Schmitz also complained that enforcement of a ban on delivery would be difficult, an issue raised by Planning Commissioners in January and by City Council Member Skylar Peak on Monday night.

“I don’t see the reason to adopt this and go ahead right now with banning the cultivation if we expressly know that it’s going on and we’re not going to be able to enforce it,” Peak said. “I don’t see any reason to do that.”

City Attorney Christi Hogin explained that a ban may be needed, now that the cat is out of the bag.

“If you’re going to ban something, and you’ve tipped your hand that you intend to ban it, then just as  a matter of good practice, you better ban it, or people are going to go out and start engaging in the practice in anticipation of the ban,” Hogin said. 

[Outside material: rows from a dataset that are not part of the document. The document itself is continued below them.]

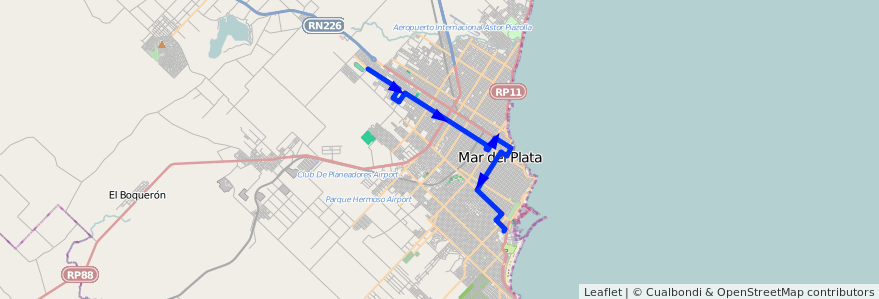 Mapa del recorrido Unico de la línea 562 en Mar del Plata.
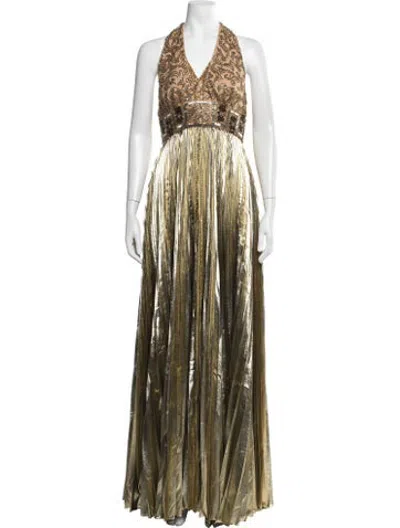 Pre-owned Reem Acra Halterneck Long Dress In Gold/metallic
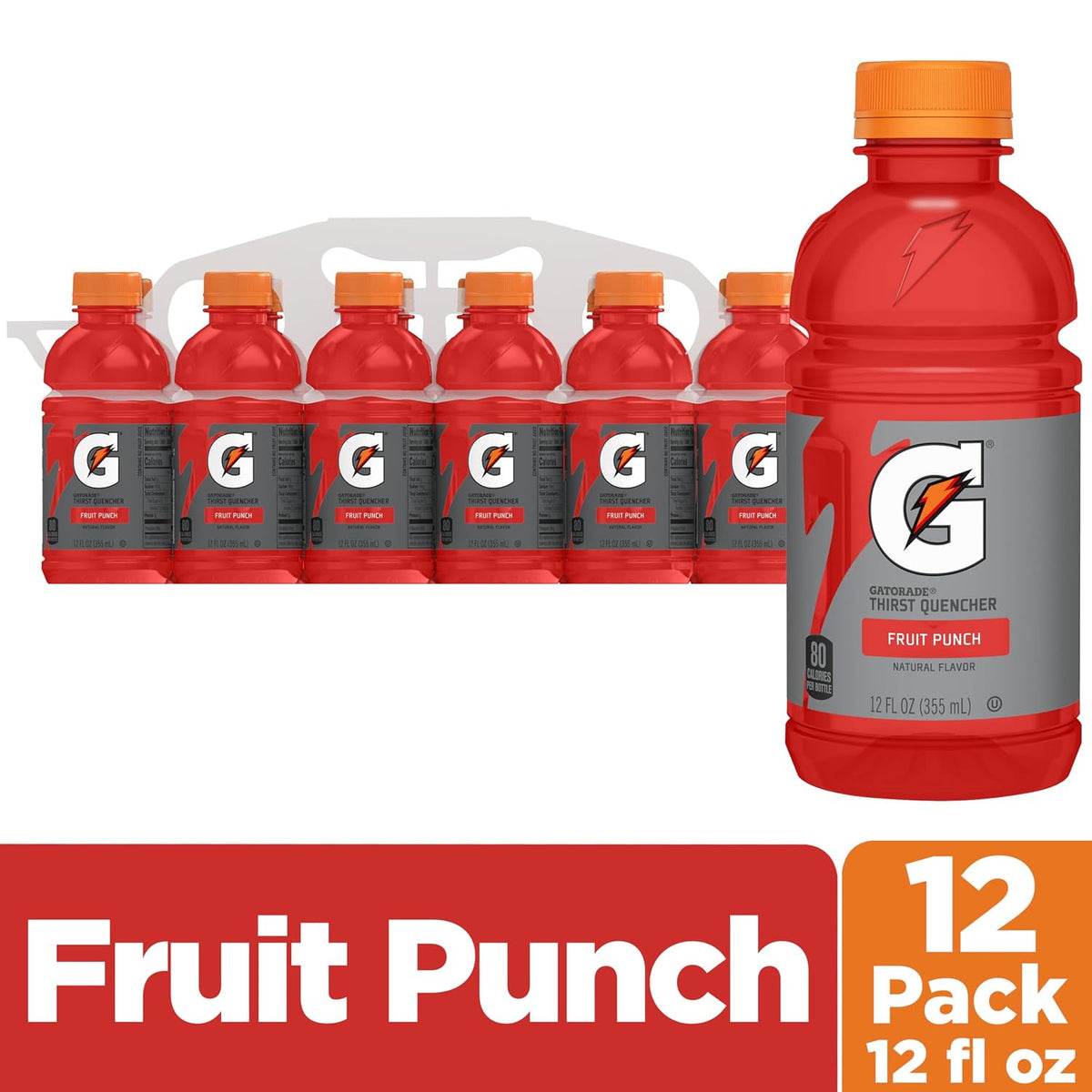 Fruit Punch Gatorade bottled sports drink pack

“It’s not a matter of days, it’s a matter of months,” she added.

It appears City Council took that to heart, directing staff to come back with an ordinance in about 90 days, regulating but not banning delivery and cultivation.

Cultivation was a hot button issue between Mayor Laura Rosenthal and Peak, who briefly argued over whether or not commercial cultivation should be banned.

“I think we ought to be licensing people to grow it on a commercial scale, if they have the conditions that permit that,” Peak said.

“Have you heard about our 36 percent water reduction in Malibu?” Rosenthal replied, citing the notoriously high water use needed to grow marijuana plants.

“Have you heard about the fact that people grow things in Malibu, and that they’re going to do it regardless? And that we should be worried about people with tropical rainforests in their front yard instead of a couple people with weed plants in their backyard?” Peak countered.

After about an hour of discussion, Hogin clarified what City Council had agreed to.

“[What I’m hearing is] unanimous agreement that the direction we want to go in is limit deliveries. If they’re allowed at all, they’ll be limited to dispensaries that are allowed in our city,” Hogin explained. “We’re sending the message that we intend to delve into the regulation of cultivation, and we’ll see where that takes you.”